▶ Assigned task: The line with "That was easy." starts the range, and the last line of the listing ends it. Retype that range exactly, without pictures.

*** Entries supplied ***

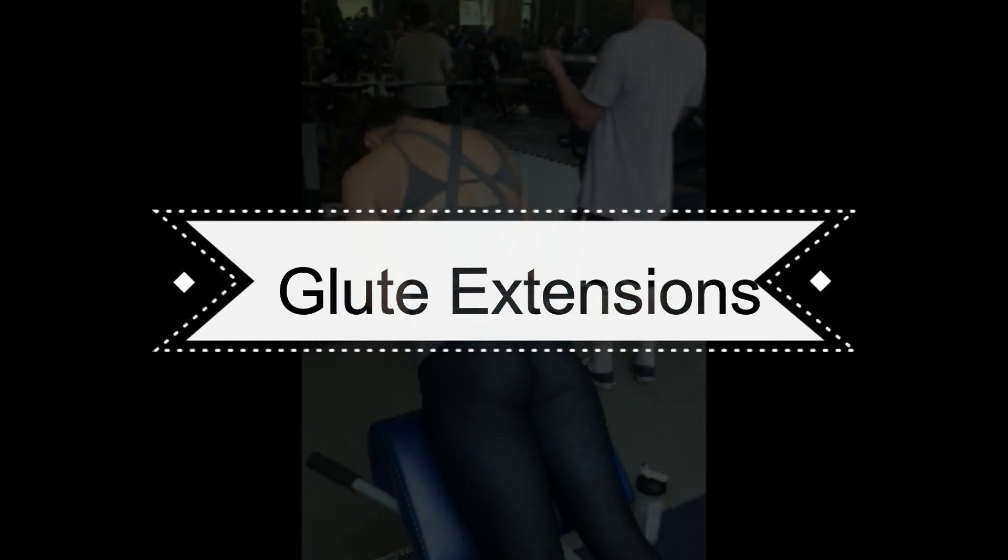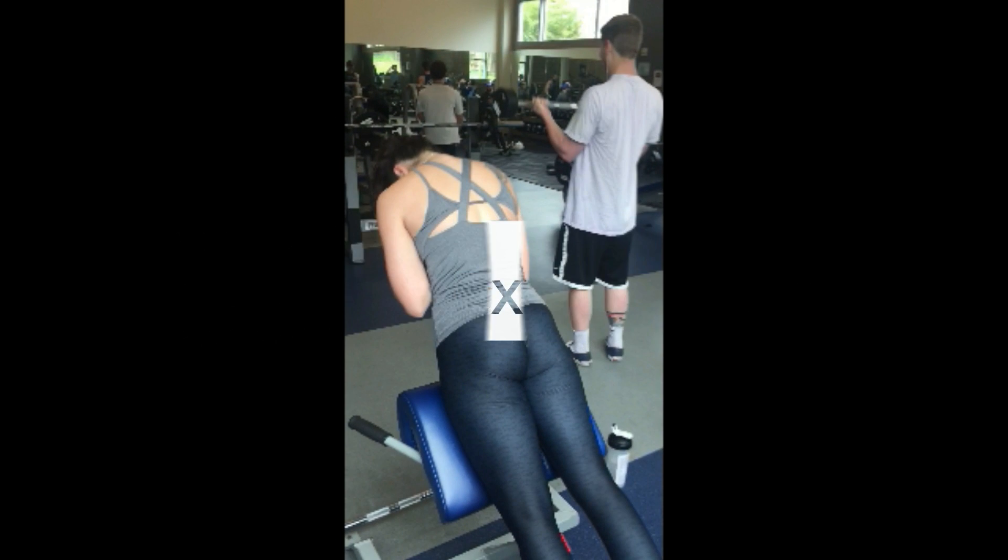Glute extensions are a very simple exercise but if done correctly can be extremely effective for all areas of the glute. You want to use the piece of equipment that is usually used for hyperextensions, which is a lower back exercise.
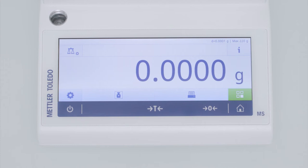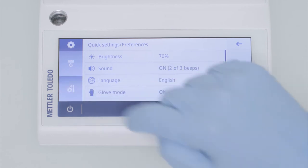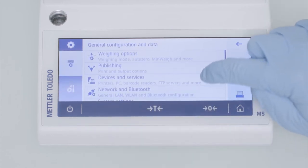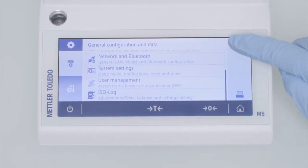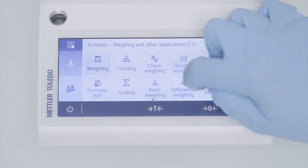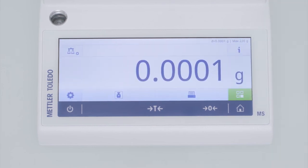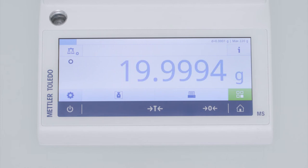Thanks to the large display that covers almost the entire width of the balance, the weighing results can be displayed large and clearly. The user interface is logical and intuitive to configure your balance according to your needs, and also to support you in your daily weighing tasks with clever weighing applications like formulation or differential weighing, which guides you through your process, records and calculates all relevant data automatically.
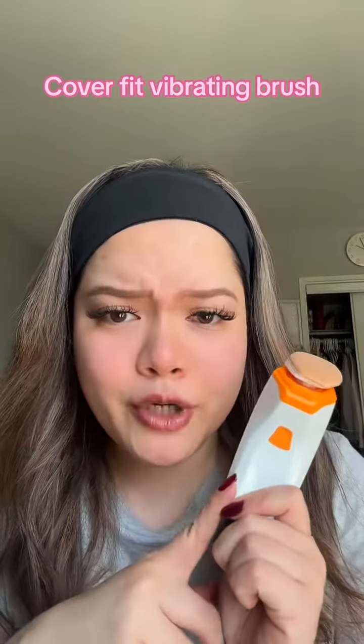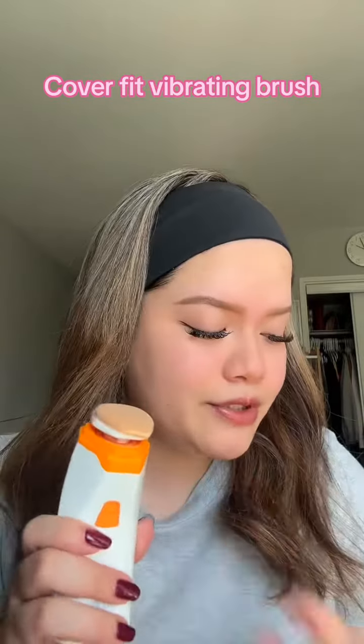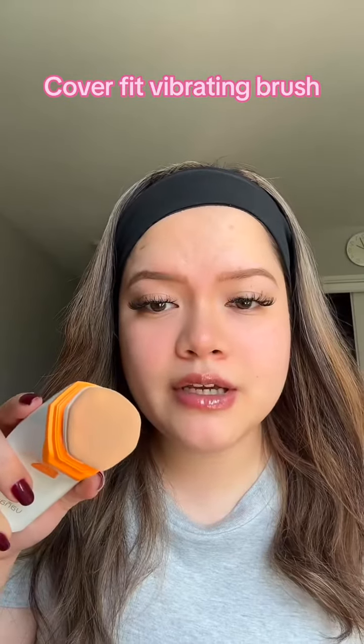Hey guys, so I'm getting ready and I thought I'd share with you this new product that I got from ESStyle. They sent me this one — it's a vibrating foundation brush. It comes with two heads. I'm using the sponge one because I find it better than using the brush.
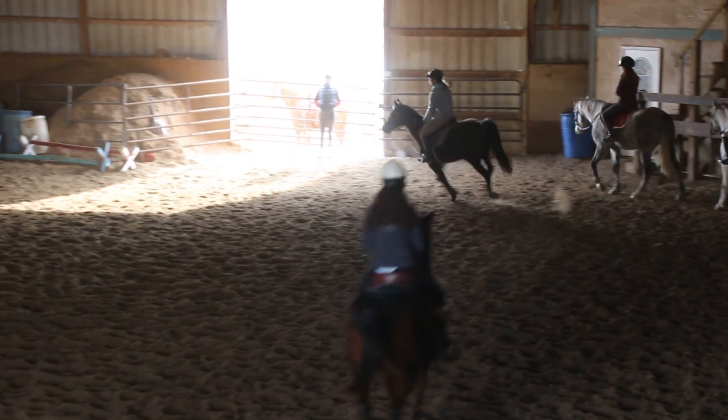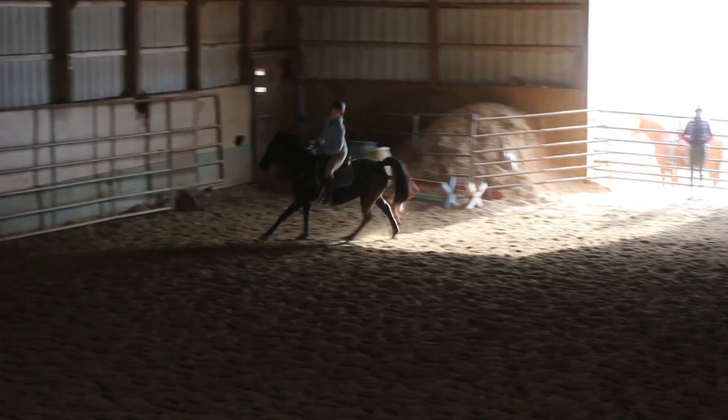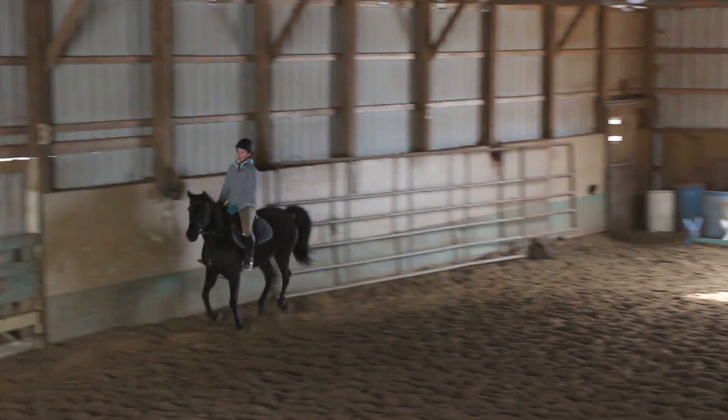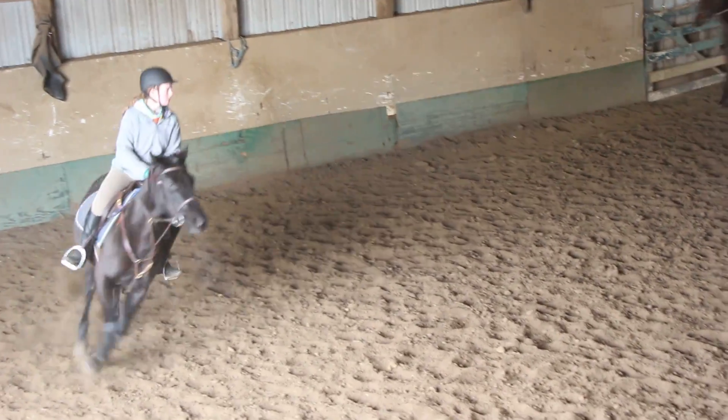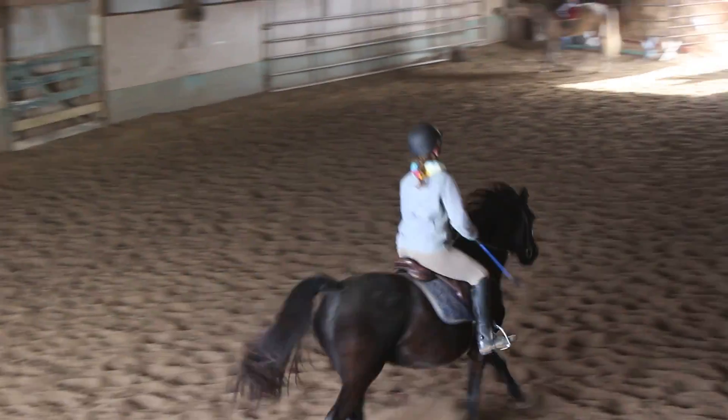That was easy. So stay on your right butt cheek and hold the lead. Good, Juliana. Come again. Turn and look down center line, Madison. Sit back and turn. Nice job. Run over my toes, everybody.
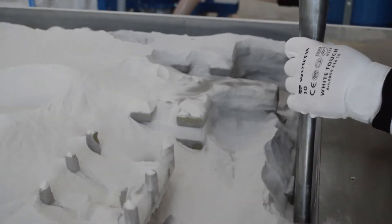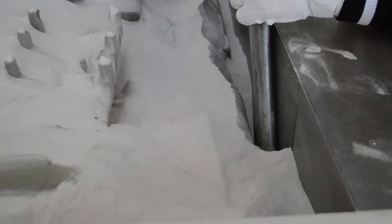The collection of the sand is very fast and effective. It allows the operators to empty the printing box rapidly while safeguarding the printed pieces.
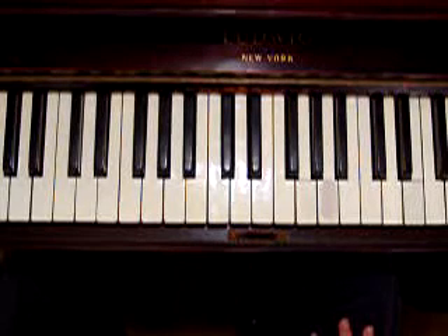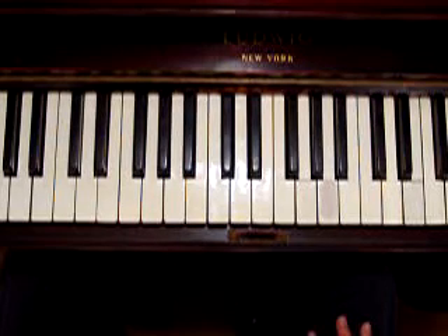In the Song of Joy, we're going to use a new chord — a D chord, or a D major chord.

*** End of Entries supplied ***

▶ Problem solution:
That was easy. So stay on your right butt cheek and hold the lead. Good, Juliana. Come again. Turn and look down center line, Madison. Sit back and turn. Nice job. Run over my toes, everybody.
The collection of the sand is very fast and effective. It allows the operators to empty the printing box rapidly while safeguarding the printed pieces.
In the Song of Joy, we're going to use a new chord — a D chord, or a D major chord.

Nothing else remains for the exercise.